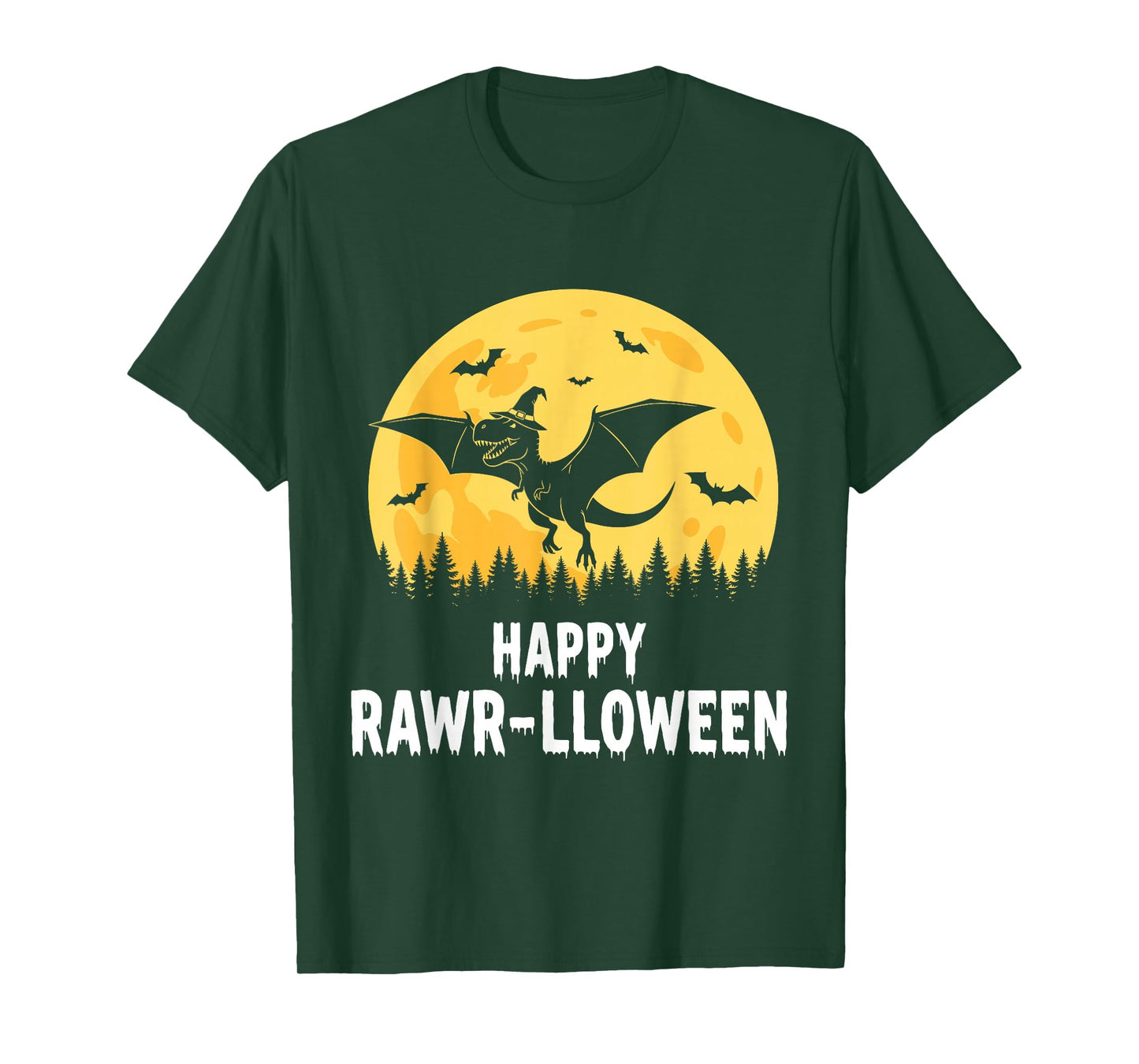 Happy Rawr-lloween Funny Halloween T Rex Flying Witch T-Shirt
----------------
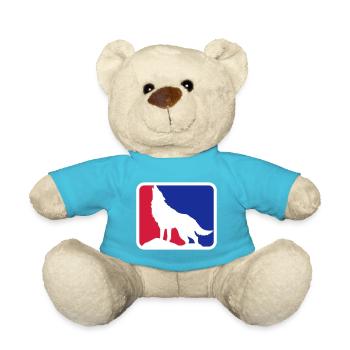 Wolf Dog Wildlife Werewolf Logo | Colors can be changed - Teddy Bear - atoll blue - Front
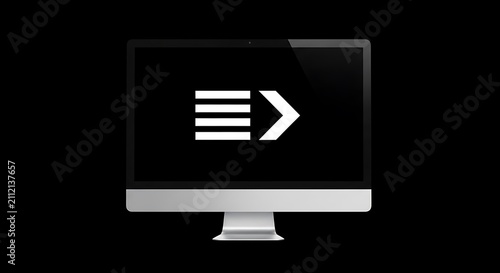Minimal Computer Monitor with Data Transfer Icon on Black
----------------
■ TASK
Since the pictures are not part of the copy, please transcribe only the lines above from the one with "Wolf Dog Wildlife" through the one with "Minimal Computer Monitor", exactly and with both ends.

■ EXERCISE RESPONSE
 Wolf Dog Wildlife Werewolf Logo | Colors can be changed - Teddy Bear - atoll blue - Front
Minimal Computer Monitor with Data Transfer Icon on Black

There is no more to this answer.